**Work item**. In the listing below, find the line containing "Homem em rochas" and the line containing "Nice List present". Repeat exactly those two lines and every line between them.

**Exercise material**.

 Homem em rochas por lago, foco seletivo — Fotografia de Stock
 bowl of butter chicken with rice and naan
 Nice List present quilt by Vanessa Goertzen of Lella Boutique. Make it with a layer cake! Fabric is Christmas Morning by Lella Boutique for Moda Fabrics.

...

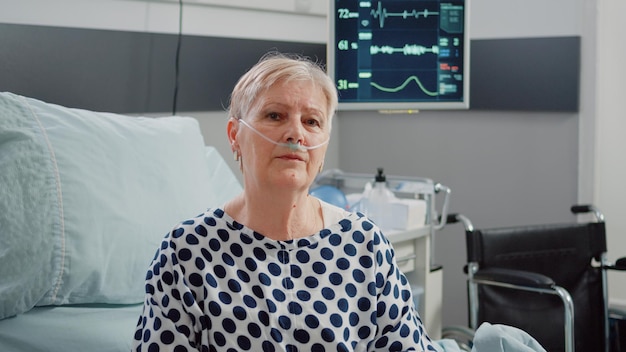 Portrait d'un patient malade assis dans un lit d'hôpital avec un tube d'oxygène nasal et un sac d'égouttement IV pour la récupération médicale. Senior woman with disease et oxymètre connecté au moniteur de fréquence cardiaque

**Solution to this task**.
 Homem em rochas por lago, foco seletivo — Fotografia de Stock
 bowl of butter chicken with rice and naan
 Nice List present quilt by Vanessa Goertzen of Lella Boutique. Make it with a layer cake! Fabric is Christmas Morning by Lella Boutique for Moda Fabrics.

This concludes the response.